“Estamos aqui de passagem”
Em lembrança de minha amiga Carmem
Uma guerreira nos deixou
Viver não é fácil mesmo
“Estamos aqui de passagem”, fala um e outro
Deitada e quieta ela estava lá
Cheia de flores em redor
Coloquei minhas mãos obre as suas, estava gelada
Lembrei-me dos momentos bons e ruins
Sua risada aberta e sua vaidade quanto ao cabelo e jeito de sentar
Gostava tanto do que fazia
A despeito de uma intuição fria e vazia
Cuidava da alma das pessoas
Olhei para os lados
Muitas fardas e paisanos
Um silêncio tomou-me por dentro
Vi uma neblina negra do lado esquerdo dos meus olhos
Abracei o seu amado sobrinho, não reconheci a sobrinha, sua face quando jovem
Observei o seu pai, a natureza foi cruel com ele
Ele certamente queria ir antes
Sai para respirar
Mais uma vez me veio a memória de sua força
Em meio a homens duros e mulheres de branco lá estava ela
Lutou por elas e contra ela
Uma doença cínica que a pegou de jeito
Estava bem
Passou um bom ano e iniciou o outro entre os seus
Desejava voltar e concluir sua tese de doutoramento
Saiu ressentida, mas por pouca coisa, a academia não sabe lidar com a finitude
Quanta vida desperdiçamos com coisas efêmeras
Quanta vida desperdiçamos em suspiros vazios
Nossa pequenez diante da imensidade da natureza me causa pavor
Ao mesmo tempo sinto-me consolado
A vaidade é a nossa pior companheira
Canso só de ver um monte de pavão
Não compensa correr e abrir plumagens
Caminhamos necessariamente para a morte
Mas não acho certo a despedida sem aviso
Pegou-me de surpresa
Abateu-me de lado
Senti tonteira e lembrei-me dos meus que já se foram
Ali, em sua última casa, descansava seu corpo frágil
Lentamente chegou a hora
Seguimos como de costume o ritual do a(Deus)

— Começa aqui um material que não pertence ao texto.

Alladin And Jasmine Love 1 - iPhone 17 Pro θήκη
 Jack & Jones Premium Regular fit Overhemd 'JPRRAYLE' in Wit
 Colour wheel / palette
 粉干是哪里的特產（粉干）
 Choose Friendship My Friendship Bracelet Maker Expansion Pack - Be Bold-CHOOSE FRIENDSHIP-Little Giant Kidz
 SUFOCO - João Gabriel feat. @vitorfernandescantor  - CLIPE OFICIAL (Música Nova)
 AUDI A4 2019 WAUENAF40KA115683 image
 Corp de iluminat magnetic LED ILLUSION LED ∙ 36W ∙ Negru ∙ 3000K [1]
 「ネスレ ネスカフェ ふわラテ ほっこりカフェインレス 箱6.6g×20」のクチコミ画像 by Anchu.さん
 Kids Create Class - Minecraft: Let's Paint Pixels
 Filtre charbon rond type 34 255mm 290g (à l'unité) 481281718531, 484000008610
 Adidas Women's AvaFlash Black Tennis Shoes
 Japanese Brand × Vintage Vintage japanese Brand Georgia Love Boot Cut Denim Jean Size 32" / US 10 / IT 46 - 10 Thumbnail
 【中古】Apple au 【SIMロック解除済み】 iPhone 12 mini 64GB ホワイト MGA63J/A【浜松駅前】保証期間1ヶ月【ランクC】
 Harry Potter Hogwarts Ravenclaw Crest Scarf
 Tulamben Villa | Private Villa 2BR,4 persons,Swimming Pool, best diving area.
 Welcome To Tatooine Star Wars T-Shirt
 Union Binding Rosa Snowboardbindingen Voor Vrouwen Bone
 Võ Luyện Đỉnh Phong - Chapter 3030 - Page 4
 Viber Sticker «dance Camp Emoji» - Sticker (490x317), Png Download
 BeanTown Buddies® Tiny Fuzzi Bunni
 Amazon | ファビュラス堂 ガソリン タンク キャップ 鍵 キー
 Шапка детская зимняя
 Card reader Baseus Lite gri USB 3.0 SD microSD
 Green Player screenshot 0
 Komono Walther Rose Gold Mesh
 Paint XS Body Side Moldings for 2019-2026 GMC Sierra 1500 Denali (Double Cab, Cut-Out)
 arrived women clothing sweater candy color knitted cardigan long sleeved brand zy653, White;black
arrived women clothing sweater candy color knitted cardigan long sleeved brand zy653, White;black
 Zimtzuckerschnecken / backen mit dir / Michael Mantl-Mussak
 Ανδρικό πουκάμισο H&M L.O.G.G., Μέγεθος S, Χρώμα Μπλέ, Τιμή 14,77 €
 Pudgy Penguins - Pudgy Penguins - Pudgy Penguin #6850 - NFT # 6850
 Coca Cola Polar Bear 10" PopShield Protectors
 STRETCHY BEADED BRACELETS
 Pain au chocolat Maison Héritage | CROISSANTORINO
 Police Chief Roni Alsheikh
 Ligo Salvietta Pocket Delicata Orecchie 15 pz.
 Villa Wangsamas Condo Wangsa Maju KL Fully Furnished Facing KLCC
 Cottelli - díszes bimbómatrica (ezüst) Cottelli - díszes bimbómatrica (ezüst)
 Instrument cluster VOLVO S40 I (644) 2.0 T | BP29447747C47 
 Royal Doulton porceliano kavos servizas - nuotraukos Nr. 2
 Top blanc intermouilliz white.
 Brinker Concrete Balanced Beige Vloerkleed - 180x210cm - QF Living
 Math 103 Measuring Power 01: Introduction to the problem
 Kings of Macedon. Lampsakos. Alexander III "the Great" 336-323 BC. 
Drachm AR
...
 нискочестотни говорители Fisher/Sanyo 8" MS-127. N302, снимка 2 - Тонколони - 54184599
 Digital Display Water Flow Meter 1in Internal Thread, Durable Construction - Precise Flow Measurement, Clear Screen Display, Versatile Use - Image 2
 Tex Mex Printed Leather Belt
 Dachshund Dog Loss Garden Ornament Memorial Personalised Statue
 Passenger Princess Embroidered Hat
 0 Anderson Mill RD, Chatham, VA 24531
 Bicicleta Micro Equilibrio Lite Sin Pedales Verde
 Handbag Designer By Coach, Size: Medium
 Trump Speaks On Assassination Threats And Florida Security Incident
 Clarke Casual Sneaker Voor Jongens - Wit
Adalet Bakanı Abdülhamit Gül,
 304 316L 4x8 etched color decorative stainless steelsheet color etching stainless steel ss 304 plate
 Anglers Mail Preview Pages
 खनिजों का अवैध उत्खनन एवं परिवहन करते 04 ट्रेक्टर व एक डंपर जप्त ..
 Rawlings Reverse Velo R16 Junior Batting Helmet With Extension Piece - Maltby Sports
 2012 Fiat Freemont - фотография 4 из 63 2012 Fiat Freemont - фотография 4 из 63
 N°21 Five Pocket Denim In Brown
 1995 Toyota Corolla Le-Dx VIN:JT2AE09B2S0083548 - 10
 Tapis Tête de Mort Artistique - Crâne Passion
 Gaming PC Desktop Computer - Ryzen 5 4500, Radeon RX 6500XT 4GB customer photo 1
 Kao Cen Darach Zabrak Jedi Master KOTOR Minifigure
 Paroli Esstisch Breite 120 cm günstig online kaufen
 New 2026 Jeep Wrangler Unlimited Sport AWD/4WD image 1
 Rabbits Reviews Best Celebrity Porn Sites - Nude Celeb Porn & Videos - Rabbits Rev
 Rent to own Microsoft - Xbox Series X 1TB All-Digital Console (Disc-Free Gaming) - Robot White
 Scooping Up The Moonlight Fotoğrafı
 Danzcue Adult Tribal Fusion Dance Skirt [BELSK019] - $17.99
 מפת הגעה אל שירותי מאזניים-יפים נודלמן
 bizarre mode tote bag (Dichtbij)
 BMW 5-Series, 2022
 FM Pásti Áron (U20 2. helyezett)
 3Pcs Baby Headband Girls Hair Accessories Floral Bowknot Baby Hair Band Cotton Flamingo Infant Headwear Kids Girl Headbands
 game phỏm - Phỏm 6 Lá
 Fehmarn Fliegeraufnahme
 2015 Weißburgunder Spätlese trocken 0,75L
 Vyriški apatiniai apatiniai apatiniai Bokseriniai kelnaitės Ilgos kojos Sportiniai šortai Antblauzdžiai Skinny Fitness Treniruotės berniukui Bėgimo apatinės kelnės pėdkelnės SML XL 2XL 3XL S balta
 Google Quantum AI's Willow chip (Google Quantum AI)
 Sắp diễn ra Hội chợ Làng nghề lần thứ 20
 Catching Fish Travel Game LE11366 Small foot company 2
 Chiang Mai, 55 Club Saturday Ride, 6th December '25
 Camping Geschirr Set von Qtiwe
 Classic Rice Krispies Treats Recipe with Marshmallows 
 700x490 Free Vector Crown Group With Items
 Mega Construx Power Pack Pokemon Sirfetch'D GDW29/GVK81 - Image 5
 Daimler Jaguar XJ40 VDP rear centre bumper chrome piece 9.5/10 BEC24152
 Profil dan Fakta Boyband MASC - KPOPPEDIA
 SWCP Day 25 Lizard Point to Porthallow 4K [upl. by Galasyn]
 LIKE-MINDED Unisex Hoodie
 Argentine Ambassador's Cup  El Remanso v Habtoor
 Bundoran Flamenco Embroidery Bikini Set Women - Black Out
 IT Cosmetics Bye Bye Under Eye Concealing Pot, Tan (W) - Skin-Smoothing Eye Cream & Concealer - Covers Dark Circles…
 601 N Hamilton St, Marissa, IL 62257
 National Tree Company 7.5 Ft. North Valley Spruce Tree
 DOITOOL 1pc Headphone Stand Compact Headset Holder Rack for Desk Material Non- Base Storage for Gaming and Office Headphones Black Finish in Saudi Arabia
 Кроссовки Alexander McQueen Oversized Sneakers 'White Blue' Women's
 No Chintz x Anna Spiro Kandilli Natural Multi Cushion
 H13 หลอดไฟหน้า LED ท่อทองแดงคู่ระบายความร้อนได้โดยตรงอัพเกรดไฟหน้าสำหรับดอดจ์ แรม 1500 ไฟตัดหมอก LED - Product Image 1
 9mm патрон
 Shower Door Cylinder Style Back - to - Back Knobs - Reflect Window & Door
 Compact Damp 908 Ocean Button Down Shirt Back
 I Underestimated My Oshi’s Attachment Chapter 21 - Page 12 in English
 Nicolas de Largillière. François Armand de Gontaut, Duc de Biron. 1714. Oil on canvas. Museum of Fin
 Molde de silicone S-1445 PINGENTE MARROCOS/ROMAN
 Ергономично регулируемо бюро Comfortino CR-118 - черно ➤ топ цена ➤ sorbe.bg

Prestei-lhe uma última homenagem e segurei firme um lado de sua última morada
Também fiz questão de segurar a casa do meu pai e de minha mãe
Devagar a levamos
Repousamos o momento triste sobre a guarda da terra
Homens desconhecidos a abaixaram
Taparam com terra quente e firme
Joguei uma pedra
O sol em pico torrou minha retina e afastei-me, pois já era hora de voltar
A realidade espanca e machuca
Sinto algo sangrar dentro de mim
Um manto de luto caiu sobre o meu espírito
Voltei quieto
Conversei com uma amiga
Uma vida está dentro dela
Uma se vai
Outra chega
A vida é simples assim: “estamos aqui só de passagem”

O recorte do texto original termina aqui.